(Source records)
★ ★ ★ ★ ★
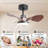 24" Black Small  Ceiling Fan With Light Remote Control ,Modern Low Profile Ceiling Fan, 6-Speeds Quiet Reversible DC Motor For Bedroom,Kitchen-829202851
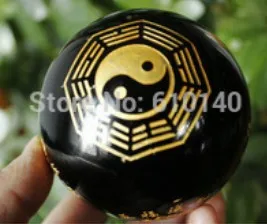 

YM 328 75 mm Black Obsidian Crystal Tai Ji Eight-Diagram Tactics Disk Sphere Ball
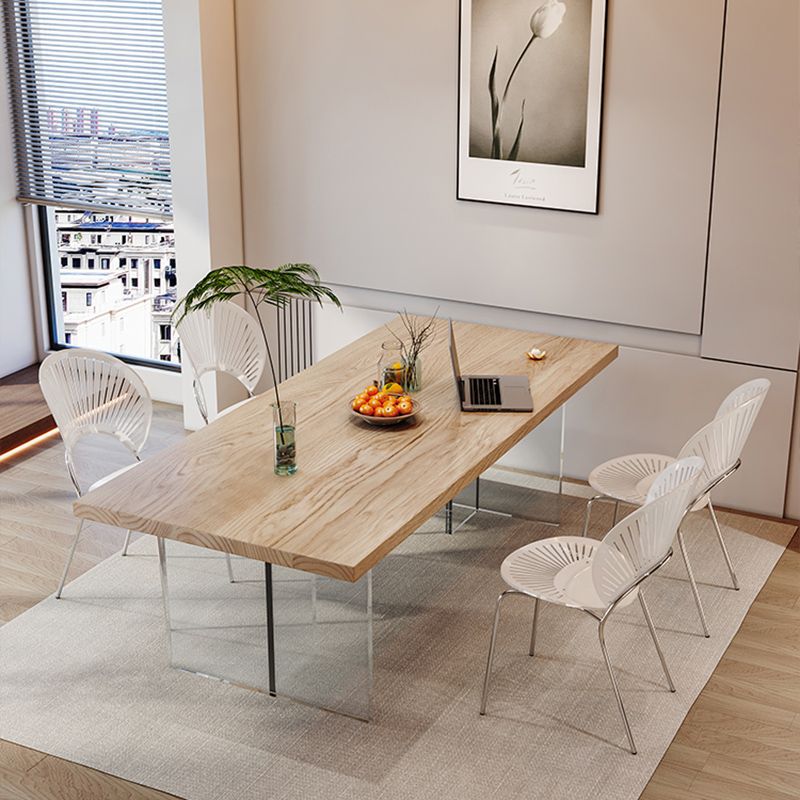 Natural Finish Pine Wood Dining Set 1/2/5 Pcs Modern Dinette Set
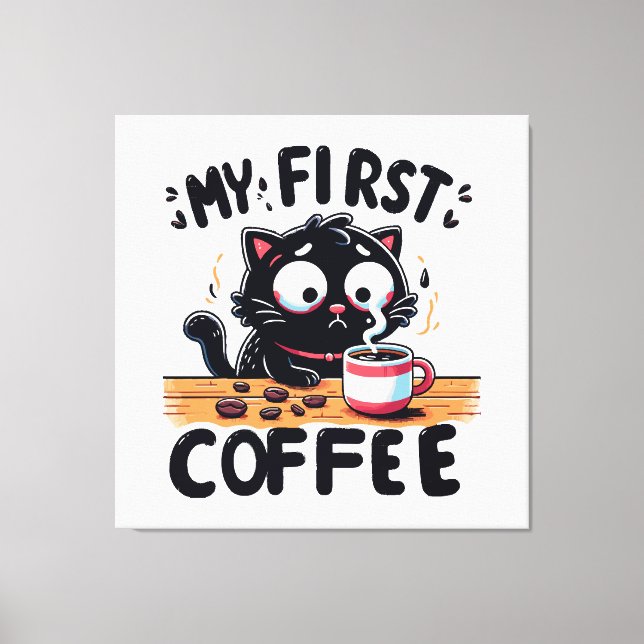 First Black Coffee Adventure Canvas Print (Front)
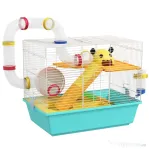 PawHut Cușcă pentru Hamsteri cu Roată, Căsuță, Bol, Rampe și Recipient Apă, Cușcă pentru Gerbili din Oțel, PS și PP, 45x28x37 cm, Alb și Albastru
★ ★ ★ ★ ★
:: Task item ::
Beginning with the line above that contains "YM 328 75 mm" and finishing with the line that contains "First Black Coffee", print those lines exactly and only. Skip all pictures.

:: Response to the task ::
YM 328 75 mm Black Obsidian Crystal Tai Ji Eight-Diagram Tactics Disk Sphere Ball
 Natural Finish Pine Wood Dining Set 1/2/5 Pcs Modern Dinette Set
 First Black Coffee Adventure Canvas Print (Front)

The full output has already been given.